Equipo Cronica est un trio d’artistes fondé en 1964 par Rafael Solbès, Manuel Valdès et Juan Toledo, ce dernier quitte le groupe un an après le début de leur collaboration. Solbes et Valdes continuent jusqu’au décès du premier en 1981. Spécialistes du détournement des icônes de l’histoire de l’art espagnole, ils offrent au public une critique de cette dernière et du pouvoir en place. Fabrice Parisot, historien de l’art, dit à leur propos :

« Leurs tableaux se donnent à lire comme un questionnement sans cesse répété sur la fonction de l’art, sur la nature de l’image et sa possible manipulation, sur son impact et son pouvoir démythifié ».

L’œuvre Considération sur la métaphysique conservée au musée des Beaux-Arts de Pau est créée en 1972, moment de la fin du franquisme, époque clef donc pour Equipo Cronica. Les deux espagnols avaient pour habitude d’insérer une référence au franquisme dans presque toutes leurs toiles. Nous pouvons nous demander comment, à partir d’une œuvre énigmatique à l’iconographie empruntée, Equipo Cronica arrive à délivrer une critique du gouvernement espagnol. Pour tenter de répondre à cette question, nous commencerons par identifier les différents éléments et nous les replacerons dans l’esthétique typique d’Equipo Cronica. Dans une deuxième partie nous aborderons les emprunts faits à l’histoire de l’art, et particulièrement au Greco et à De Chirico pour la chair du tableau. Enfin nous allons aborder le but de l’œuvre : la dénonciation du franquisme, volonté politique que nous pourrons comparer à d’autres œuvres du groupe.

Considération sur la métaphysique

Peinture acrylique sur toile mesurant 140x140cm, Considération sur la métaphysique représente un homme au centre agenouillé près d’un certain nombre d’objets. Le personnage représente Saint François, la palette utilisée pour son habit et son visage lui donne un air plutôt cadavérique, il tient un œuf dans ses mains. Cet objet, fréquent dans l’iconographie chrétienne, prend la symbolique petit à petit de la résurrection du Christ. L’œuf pose également la question des origines : est-ce l’œuf qui fait la poule ou la poule qui fait l’œuf ? Il évoque la promesse de tous les possibles en gardant l’incertitude quant au devenir du sujet qu’il abrite. Certains pensent qu’il s’agirait plutôt d’une tête de mannequin.

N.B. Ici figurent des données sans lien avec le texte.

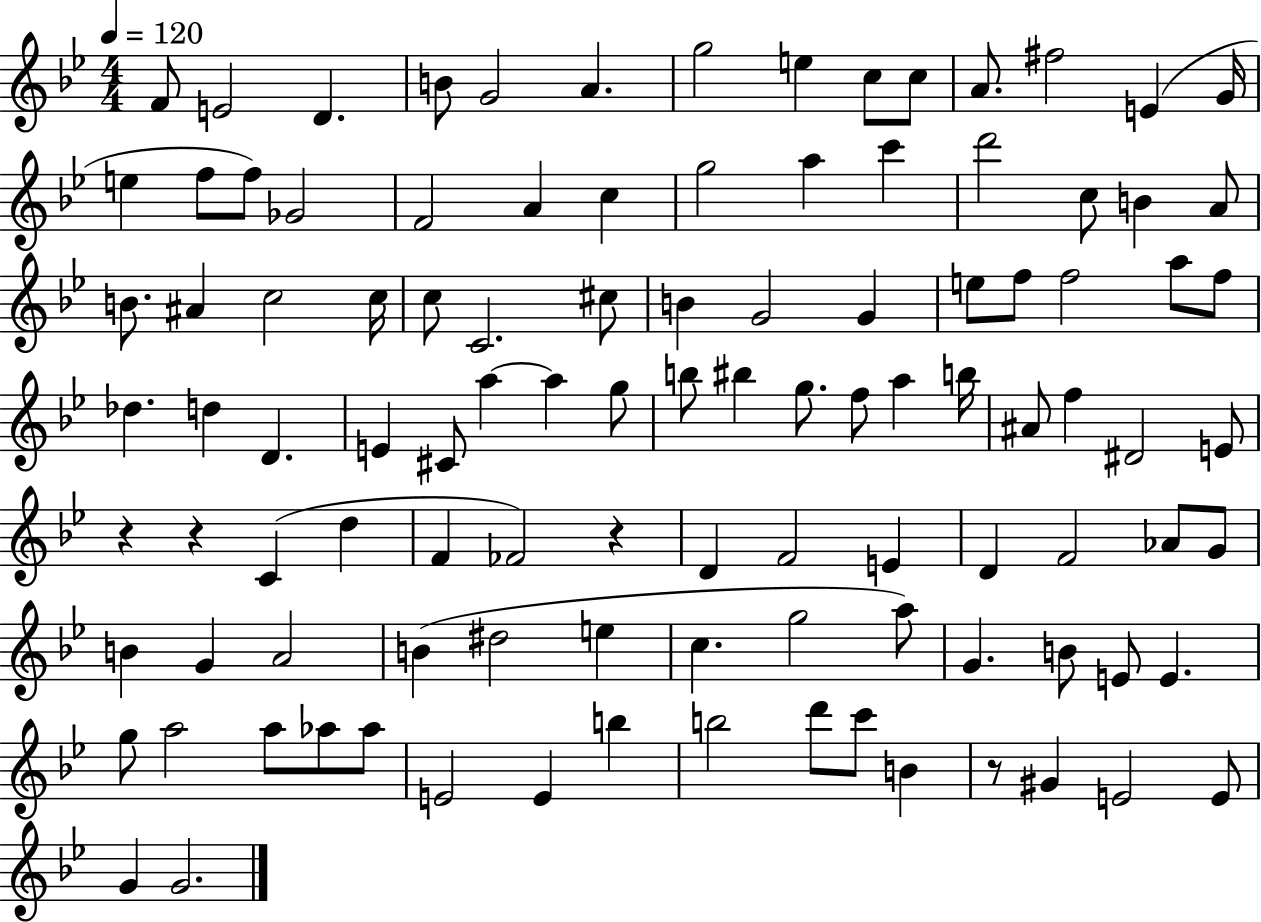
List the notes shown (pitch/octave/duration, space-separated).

F4/e E4/h D4/q. B4/e G4/h A4/q. G5/h E5/q C5/e C5/e A4/e. F#5/h E4/q G4/s E5/q F5/e F5/e Gb4/h F4/h A4/q C5/q G5/h A5/q C6/q D6/h C5/e B4/q A4/e B4/e. A#4/q C5/h C5/s C5/e C4/h. C#5/e B4/q G4/h G4/q E5/e F5/e F5/h A5/e F5/e Db5/q. D5/q D4/q. E4/q C#4/e A5/q A5/q G5/e B5/e BIS5/q G5/e. F5/e A5/q B5/s A#4/e F5/q D#4/h E4/e R/q R/q C4/q D5/q F4/q FES4/h R/q D4/q F4/h E4/q D4/q F4/h Ab4/e G4/e B4/q G4/q A4/h B4/q D#5/h E5/q C5/q. G5/h A5/e G4/q. B4/e E4/e E4/q. G5/e A5/h A5/e Ab5/e Ab5/e E4/h E4/q B5/q B5/h D6/e C6/e B4/q R/e G#4/q E4/h E4/e G4/q G4/h.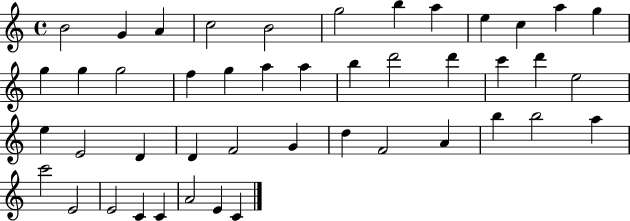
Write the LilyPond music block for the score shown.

{
  \clef treble
  \time 4/4
  \defaultTimeSignature
  \key c \major
  b'2 g'4 a'4 | c''2 b'2 | g''2 b''4 a''4 | e''4 c''4 a''4 g''4 | \break g''4 g''4 g''2 | f''4 g''4 a''4 a''4 | b''4 d'''2 d'''4 | c'''4 d'''4 e''2 | \break e''4 e'2 d'4 | d'4 f'2 g'4 | d''4 f'2 a'4 | b''4 b''2 a''4 | \break c'''2 e'2 | e'2 c'4 c'4 | a'2 e'4 c'4 | \bar "|."
}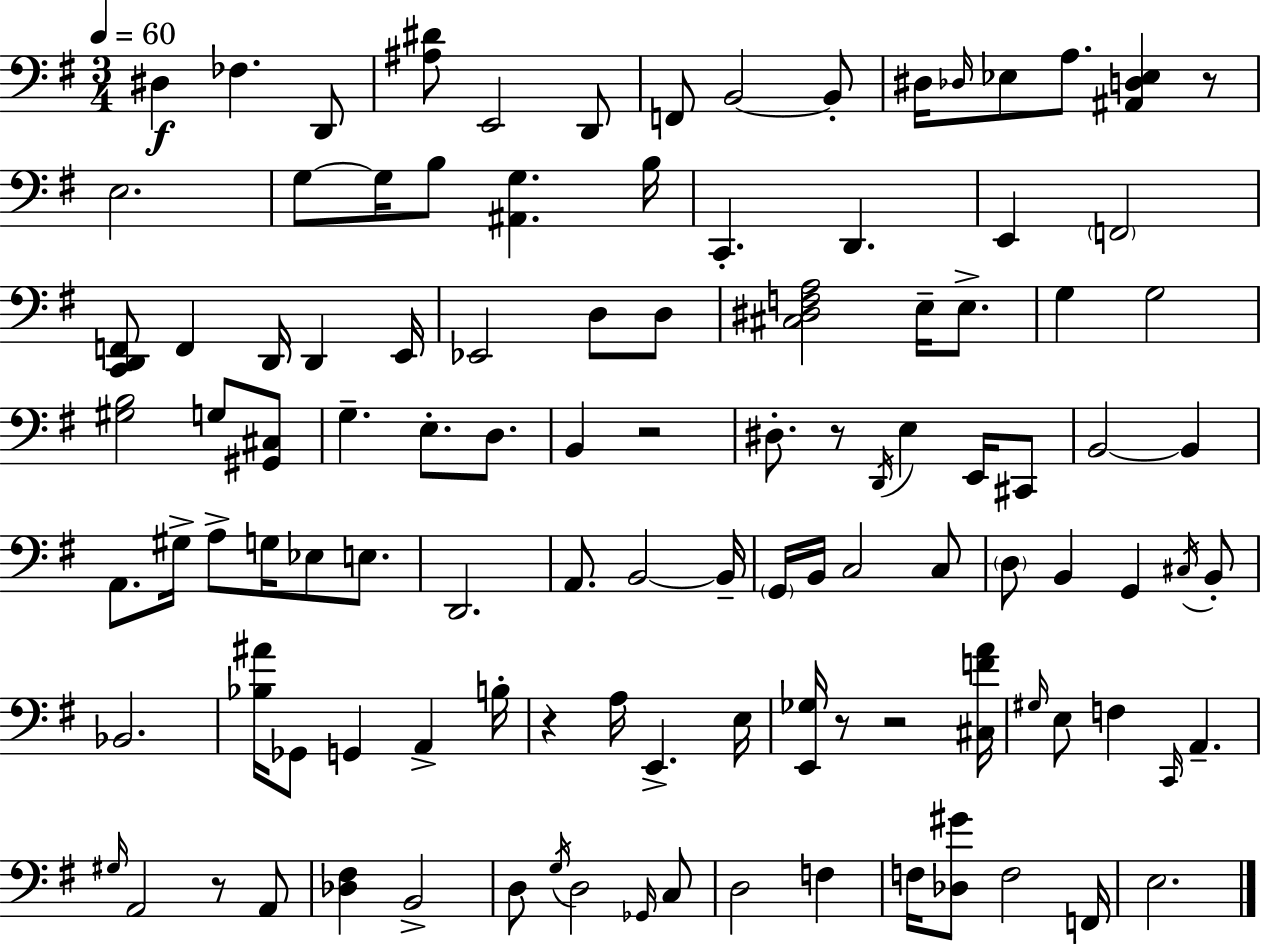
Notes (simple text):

D#3/q FES3/q. D2/e [A#3,D#4]/e E2/h D2/e F2/e B2/h B2/e D#3/s Db3/s Eb3/e A3/e. [A#2,D3,Eb3]/q R/e E3/h. G3/e G3/s B3/e [A#2,G3]/q. B3/s C2/q. D2/q. E2/q F2/h [C2,D2,F2]/e F2/q D2/s D2/q E2/s Eb2/h D3/e D3/e [C#3,D#3,F3,A3]/h E3/s E3/e. G3/q G3/h [G#3,B3]/h G3/e [G#2,C#3]/e G3/q. E3/e. D3/e. B2/q R/h D#3/e. R/e D2/s E3/q E2/s C#2/e B2/h B2/q A2/e. G#3/s A3/e G3/s Eb3/e E3/e. D2/h. A2/e. B2/h B2/s G2/s B2/s C3/h C3/e D3/e B2/q G2/q C#3/s B2/e Bb2/h. [Bb3,A#4]/s Gb2/e G2/q A2/q B3/s R/q A3/s E2/q. E3/s [E2,Gb3]/s R/e R/h [C#3,F4,A4]/s G#3/s E3/e F3/q C2/s A2/q. G#3/s A2/h R/e A2/e [Db3,F#3]/q B2/h D3/e G3/s D3/h Gb2/s C3/e D3/h F3/q F3/s [Db3,G#4]/e F3/h F2/s E3/h.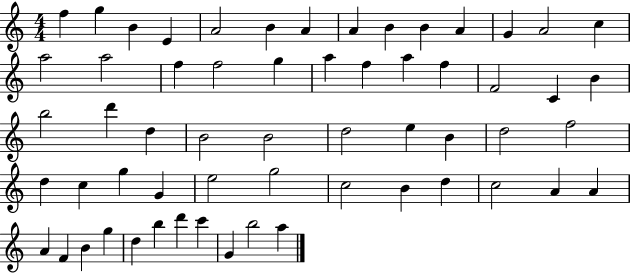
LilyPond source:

{
  \clef treble
  \numericTimeSignature
  \time 4/4
  \key c \major
  f''4 g''4 b'4 e'4 | a'2 b'4 a'4 | a'4 b'4 b'4 a'4 | g'4 a'2 c''4 | \break a''2 a''2 | f''4 f''2 g''4 | a''4 f''4 a''4 f''4 | f'2 c'4 b'4 | \break b''2 d'''4 d''4 | b'2 b'2 | d''2 e''4 b'4 | d''2 f''2 | \break d''4 c''4 g''4 g'4 | e''2 g''2 | c''2 b'4 d''4 | c''2 a'4 a'4 | \break a'4 f'4 b'4 g''4 | d''4 b''4 d'''4 c'''4 | g'4 b''2 a''4 | \bar "|."
}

Au sol, nous retrouvons un morceau de colonne, qui fait émerger tout un imaginaire du passé, le lien entre les humains et Dieu. Mais ici il n’en reste qu’un morceau donc ces idées sont fortement mises à mal. Juste à côté se trouve le triangle, symbole métaphysique et maçonnique ; dans la religion chrétienne, il est synonyme de Trinité. Concernant le poids, on remarque qu’il est la cible du regard de Saint François, créant un jeu entre l’œuf et le poids puisque ce sont les seuls objets en contact direct avec le Saint. Jeu qui garde encore tout son mystère. Côté droit, la petite balle blanche semble être une balle de golf trouvant son contexte avec le sol vert évoquant un green. Les formes colorées font penser à des outils de géométrie, de perspective. On peut y voir la notion de rationalité. Le dernier élément est donc un morceau de cadre brun clair, nous reviendrons sur chacun de ces objets par la suite.

Esthétique d’un duo

Cette œuvre est beaucoup plus calme que la plupart des compositions d’Equipo Cronica. Le duo est connu pour son aspect ludique et l’usage massif du détournement. Ici, le Saint François a été emprunté au Greco et les objets à De Chirico. Concernant le cadre, habituellement de peu d’importance, il est ici un réel élément du tableau. Il n’est pas uni : le coin inférieur gauche est plus clair que le reste. Cette partie qui détonne nous la retrouvons dans le tableau : le dernier objet sur la droite. L’explication reste incertaine, mais cet usage n’est pas isolé dans le corpus du duo. Nous retrouvons le même intérêt dans Le Patio des tentations (1972) et Trois nuages sur un empire (1973). Les dates correspondant à Considération sur la métaphysique (1972), nous pouvons en conclure qu’il s’agissait d’une préoccupation d’Equipo Cronica à cette période.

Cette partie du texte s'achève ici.